Aaron Vasiliou: Die Seuche am Hals
Und zum Dritten: Aaron Vasiliou, Stürmer RW Ahlens, ist erneut am Kreuzband verletzt. Wie schlimm es ist, muss sich noch herausstellen.

 „Die Glocke“: Herr Vasiliou, wieviel Pech kann man denn haben?

Aaron Vasiliou: Tja, wenn einer die Seuche am Hals hat, dann ja wohl ich, oder? Aber ich hab das Gefühl, dass es diesmal nicht ganz durch ist. Ich hab noch normal zu ende trainiert, erst am nächsten Tag ist das Knie dann dick geworden. Die Ärzte werden es sehen, was mit dem Kreuzband ist, wenn operiert wird.
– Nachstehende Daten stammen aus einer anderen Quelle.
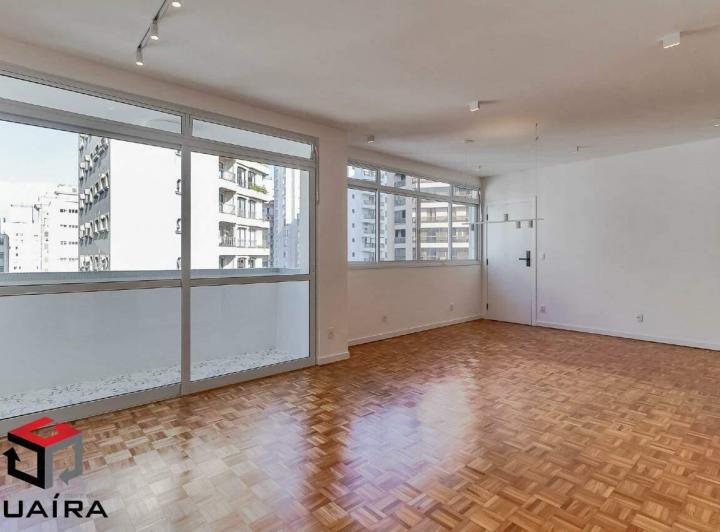 Foto do imóvel - Excelente apartamento á venda com 107m²no Jardim Paulista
 „Die Glocke“: Und wann ist es soweit?

Vasiliou: Wahrscheinlich im Januar. Mal sehen, Unser Co-Trainer Rafal Krumpietz hat Kontakte zur Barbara-Klinik in Hamm-Heessen, vielleicht geht da was eher, ich mach’ jedenfalls Druck. Wenn das Band nicht ganz durch ist, könnte ich vier, fünf Wochen danach wieder anfangen zu laufen.

„Die Glocke“: Sie hatten sich diese Saison so viel vorgenommen, das muss sehr frustrierend sein.

Vasiliou: Das stimmt wohl, aber es ist wie es ist. Jetzt heißt es also mal wieder, Mund abputzen und weiter machen. Anderen geht es sicherlich noch schlechter. Aber manchmal denke ich schon: Bei meinem Glück krieg ich nächsten Saison bestimmt irgendwas an den Armen oder an den Händen.